Un romanzo di successo è un catalizzatore che inevitabilmente attira una certa quantità di elementi spuri che si combinano in luoghi comuni o si riducono a citazioni ripetute, sempre le stesse, sempre dagli stessi. Formano quella crosta d’attorno alle vicende narrate che le rende, nella ripetizione, di pubblico dominio.

Non credo abbia giovato a The Catcher in the Rye il titolo della traduzione italiana: Il giovane Holden. Pur trattandosi di un Bildungsroman quel titolo ne accentua, per dirla franca, il carattere generazionale e poi di referto sociologico. Ne attenua invece o cancella – tratto pure eminente del ‘romanzo di formazione’ come genere – il dato fantastico, l’afflato onirico che nel resoconto delle due giornate e notti Salinger ottiene per dilatazioni, concentrazioni e quel continuo tralasciar di aggiungere un prosieguo di notizie ovvie o presunte tali o date per superflue con quegli «eccetera eccetera», «e via dicendo», «e così via» che il titolo – bellissimo – originale gli conservava: l’afferratore e coglitore nel campo di segale, non meno del giocatore di baseball che prende la palla nel whisky di segale.

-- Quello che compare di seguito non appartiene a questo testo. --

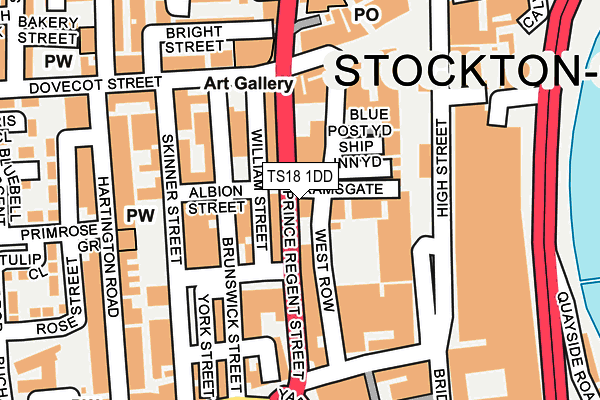 TS18 1DD map - OS OpenMap – Local (Ordnance Survey)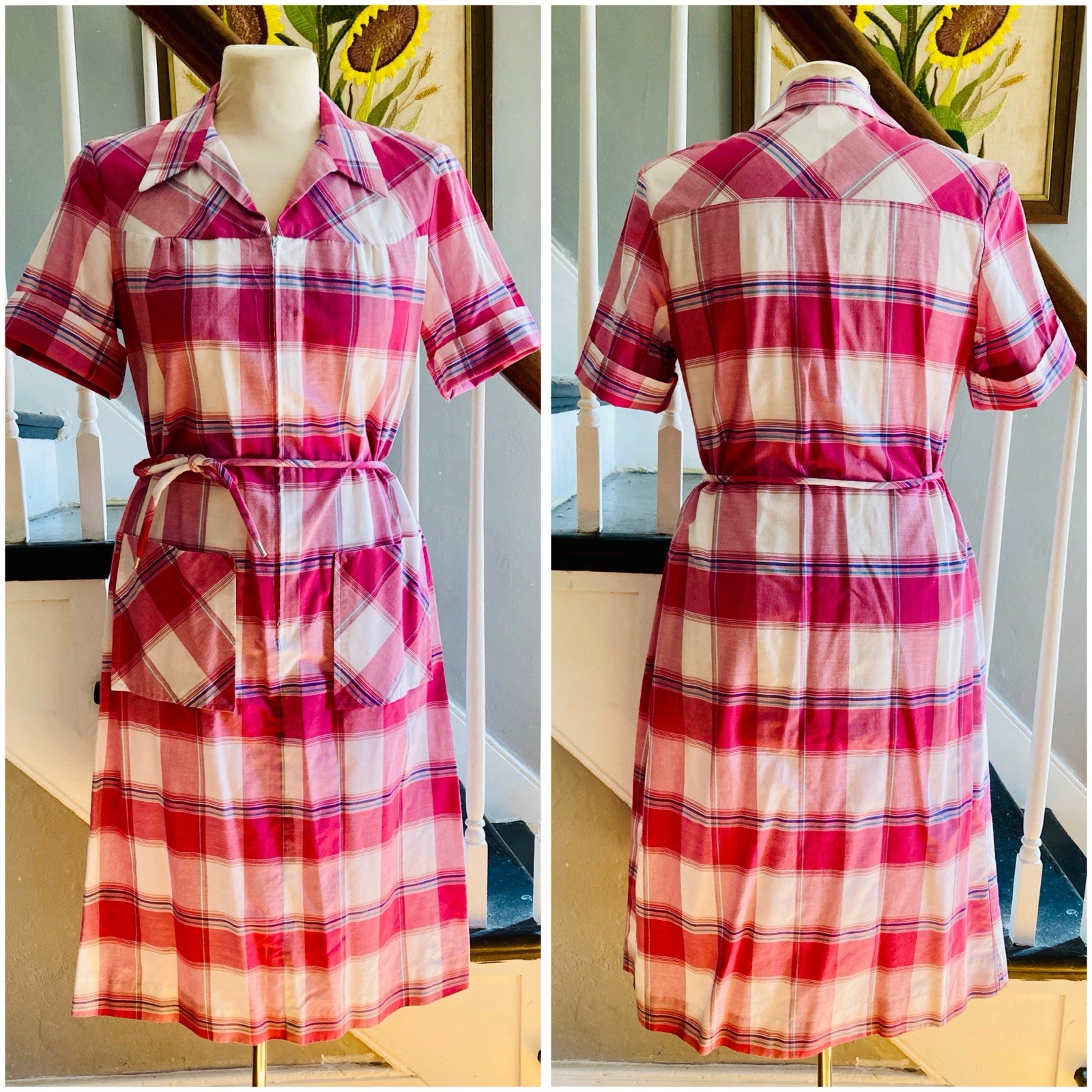 1970s Casual Day Dress House Dress Burgundy Plaid Western Butterfly Collar Mod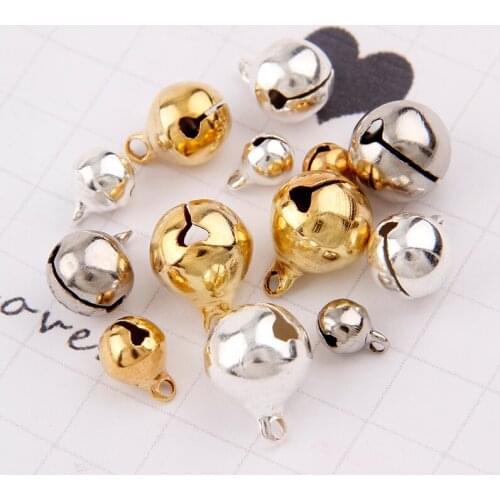 6-12mm Silver Gold Nickel Copper Bell Pendant Christmas Decoration Party Pet Bells Childrens Toy DIY Crafts Accessories 30pcs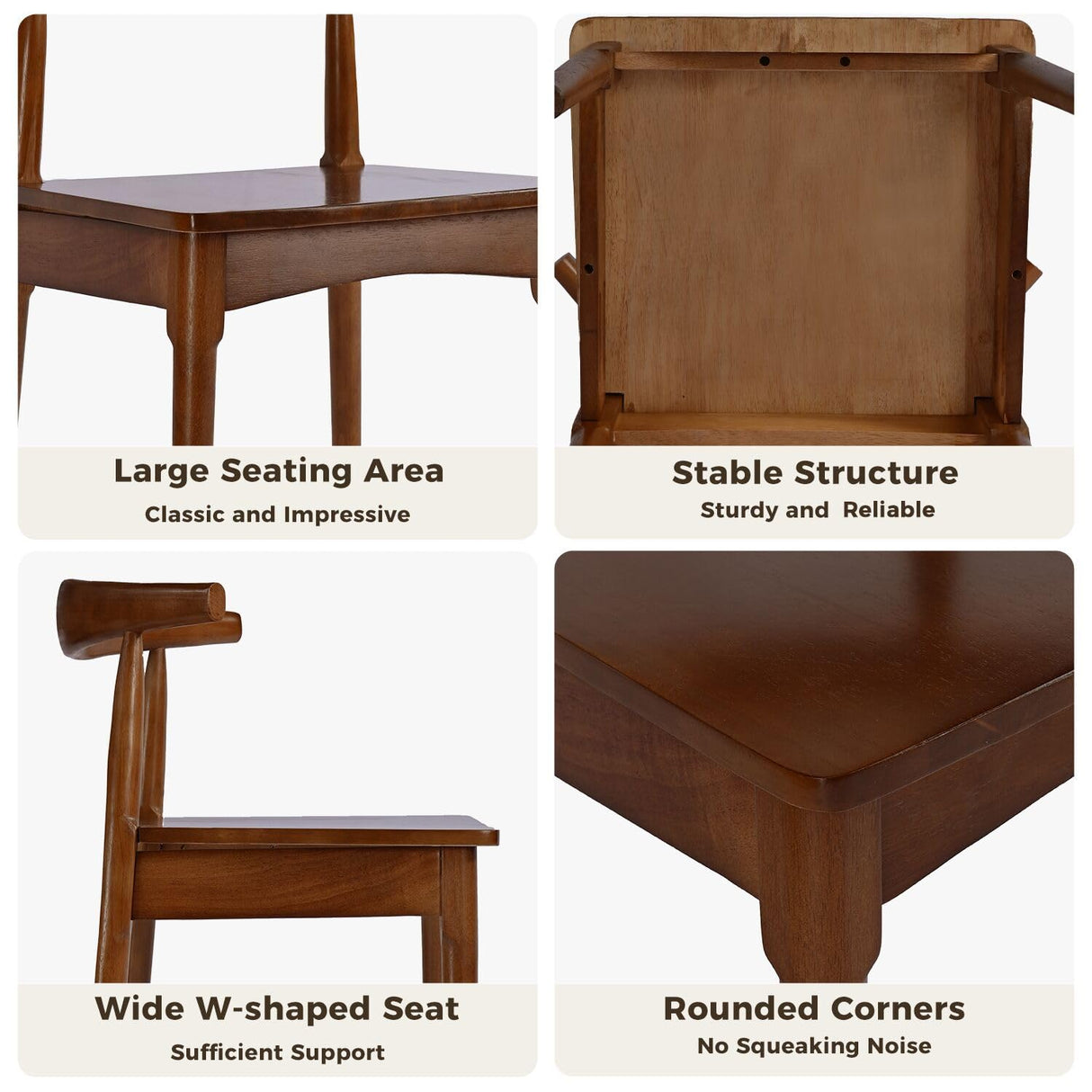 DELAVIN Solid Wood Dining Chairs Set of 4,Kitchen Chairs with Solid Oak Wood Legs, Farmhouse Style High Ladder Back Dining Room Chairs,Walnut DELAVIN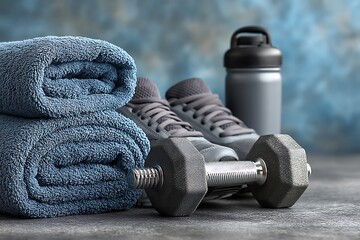 A neatly arranged stack of soft blue towels sits beside a pair of athletic shoes and a metal water bottle next to a dumbbell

Ma, poi, nel titolo inglese c’è la scuola, c’è il sapore delle letture scolastiche. Un verso di Robert Burns (1759-1796) imparato da Holden gli si fissa nella mente con un errore di memoria (la sostituzione del verbo to meet, ‘incontrare’, con il verbo to catch, ‘prendere al volo’) e vi si accampa generando una sua affabulazione indipendente, e produce così una invenzione tanto assoluta quanto irreversibile. Una connessione fantastica si instaura e resta indelebile nella memoria.

Dice Holden alla sorella Phoebe: «Sai quella canzone che fa ‘Se scendi tra i campi di segale, e ti prende al volo qualcuno’?». Phoebe lo corregge: «Dice ‘Se scendi tra i campi di segale, e ti viene incontro qualcuno».

Era nata, da quel fraintendimento, una immagine nella quale Holden si immedesima: si vedeva «in piedi sull’orlo di un dirupo pazzesco», prendere al volo, Catcher in the Rye, e salvare quei ragazzini che giocano nel campo di segale e non si avvedono del burrone nel quale stanno per cadere.

Il disagio di Holden, le sue matte inconcludenze e i fantastici fraintendimenti mi si rivelano oggi altrettante ‘salvazioni’ delle quali, grazie a Salinger, la mia generazione ha potuto avvantaggiarsi.